L’ultimo giorno dell’anno, per me, non è il 31 dicembre, data che mi lascia quanto meno indifferente, ma il 31 luglio.
Il 31 luglio è, ufficialmente la fine del mio personale anno che, di regola, inizia il primo settembre.
Agosto non conta, è il mese fantasma, nel mio calendario non c’è.
Quindi non conta quanto bello o brutto possa essere, non viene mai preso in considerazione nei consuntivi di fine anno.
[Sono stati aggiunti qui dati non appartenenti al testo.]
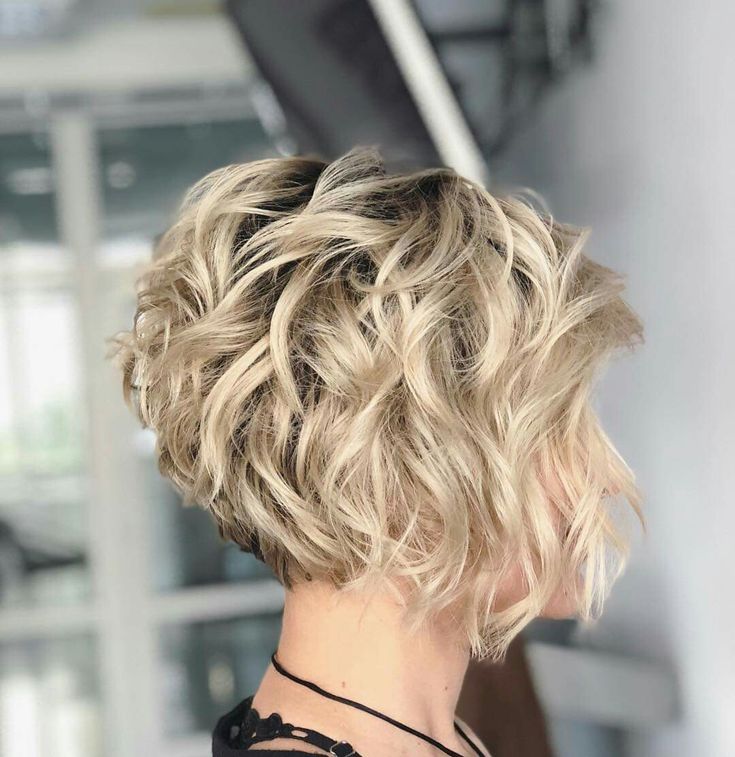 Süße Kurzhaarfrisuren für 2024/ Trendige Styles für den perfekten Look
Allora sono qui, in questo sabato da fine tutto: fine settimana, fine mese, fine anno, fine lavoro (anche se ne ho ancora per qualche giorno), e mi guardo indietro per capire questo mio anno com’è stato.
Non buono.
Non allegro.
Non foriero di aspettative per il futuro.
Quella che in politichese si dice stagnazione.
Con tanto di gracidio di rane mi verrebbe da aggiungere, tanto per completare il quadro.
Mi guardo intorno e ogni altro sembra avere iniziato o compiuto un percorso durante questo anno.
A me sembra di trovarmi al 31 luglio dello scorso anno oppure, indifferentemente a quello ancora precedente.
Questo volevo dire.
Ora aspetto di finire di lavorare per passare un pochino di tempo con la mia eunoè, perchè stare con lei mi conforta e mi rallegra.
Poi vedo se mi trovo da qualche parte il tasto dell’arresta sistema, lo clicco, mi arresto e spero in bene.
Il primo settembre del nuovo anno arriverà anche troppo presto e allora saranno davvero cazzi (mi si perdoni la licenza poetica).